Bis heute ist umstritten, wann die Texte des alten Tesaments geschrieben und zusamengefügt wurden. Jetzt liefern Inschriften auf 2400 Jahre alten Tonscherben aus Israel neue Hinweise. Denn die auf diesen Scherben notierten Befehle wurden einst von Schreibern ganz unterschiedlicher militärischer Ränge produziert. Das spricht dafür, dass es schon damals ein Bildungssystem in Judäa gab – und damit genügend Schriftkundige, um die Bibeltexte zu verfassen.
Das Alte Testament der Bibel gilt als Fundament nicht nur des Judentums, sondern ist auch wichtiger Teil der christlichen Überlierferung.

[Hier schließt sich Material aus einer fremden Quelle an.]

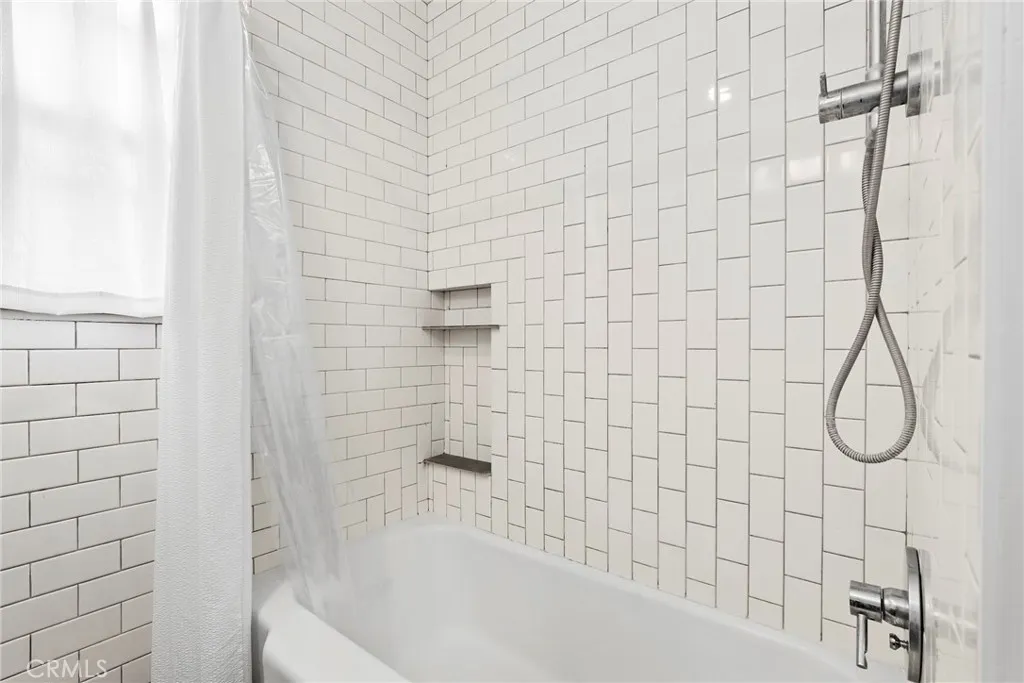 4474 W 133rd Street, Hawthorne, California 90250 home-pic-13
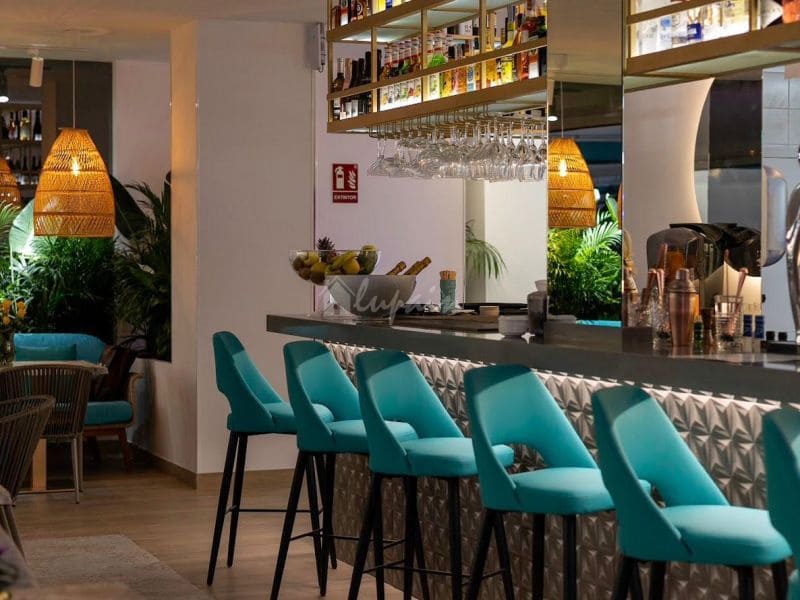 Business for sale in Los Cristianos - € 360,000 (Ref: 8005248)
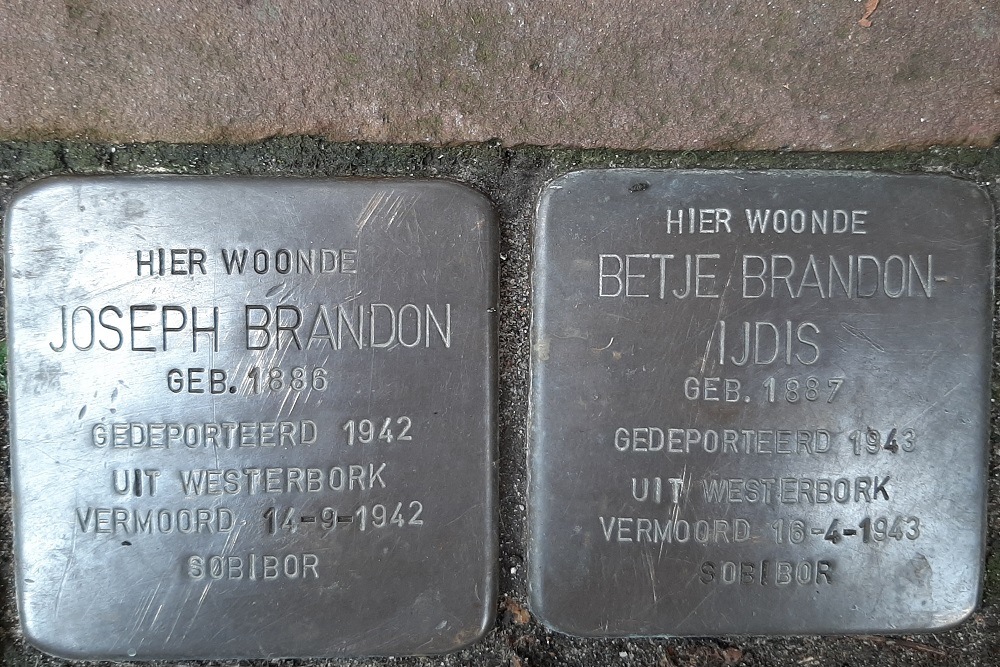 Stolpersteine Eerste van der Helststraat 82 #2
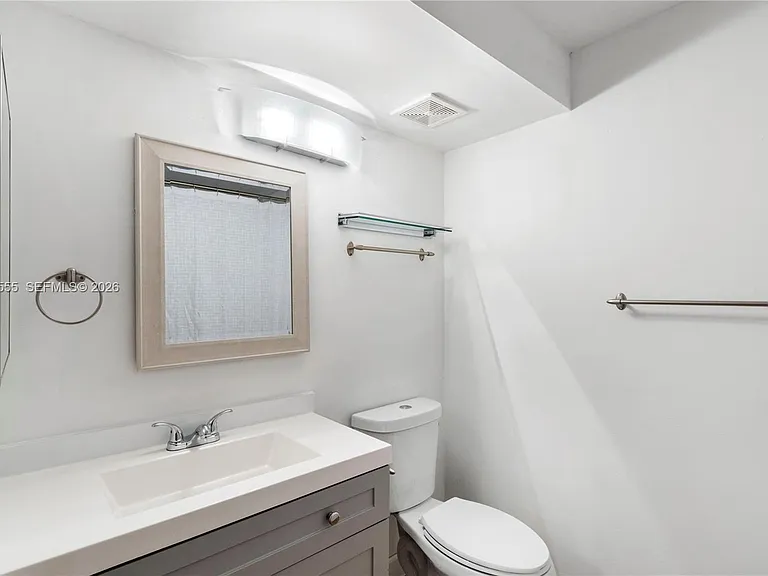 600 NE 36th St #1520 — Photo 12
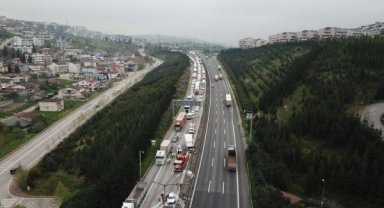 TEM'de kamyon, otomobile çarptı; uzun araç kuyrukları oluştu
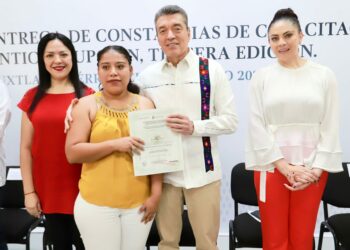 Servidores públicos, representantes del sector privado y de la sociedad civil se capacitan en materia anticorrupción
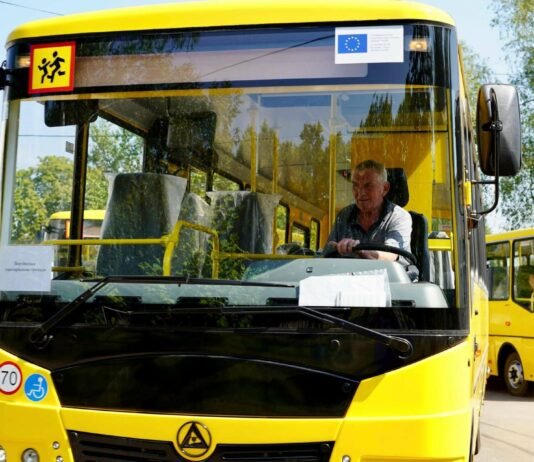 Три інклюзивні шкільні автобуси отримали громади Чернігівщини: кому передали транспорт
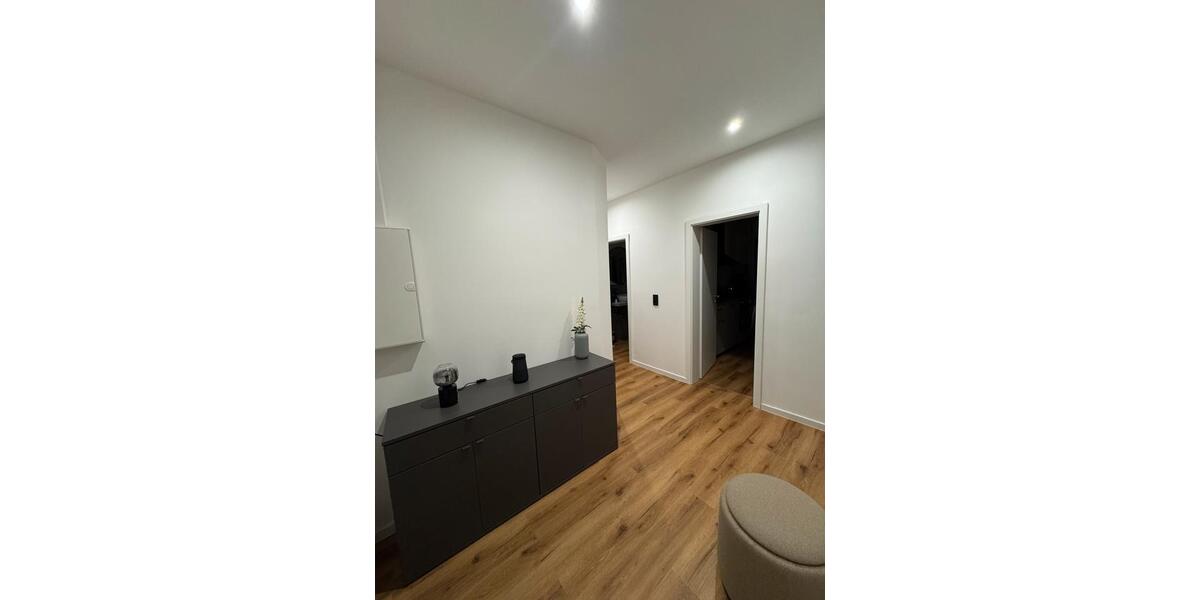 Etagenwohnung Emden - 2 Zimmer, 72 m&sup2;, 940&euro; | Angebot:26414954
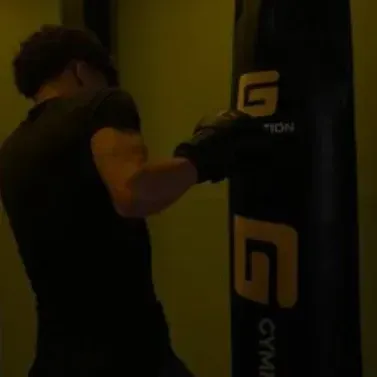 Axel Oakley - boxer is an excellent ai chatbot character with a full personality and memory.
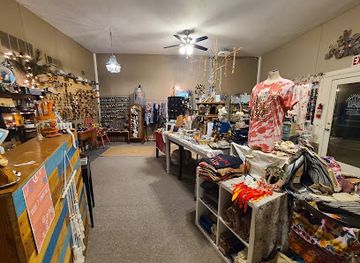 kansas/central-kansas/shop/the-village-shop-kc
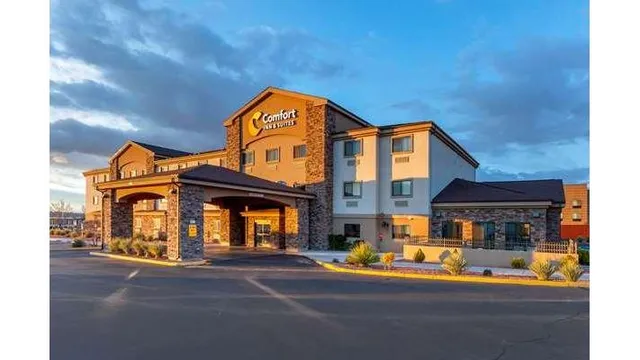 Comfort Inn & Suites Page at Lake Powell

Wann allerdings diese Texte erstmals zu einem Gesamtwerk zusammengestellt wurden, ist strittig. Klar ist zwar, dass die ersten Schriften etwa im 7. Jahrhundert v. Chr. entstanden sein müssen. Ob diese aber schon vor der Zerstörung des Jerusalemer Tempels durch die Babylonier im Jahr 586 v. Chr. zum Alten Testament kompiliert wurden oder erst danach, ist Gegenstand heftiger Debatten.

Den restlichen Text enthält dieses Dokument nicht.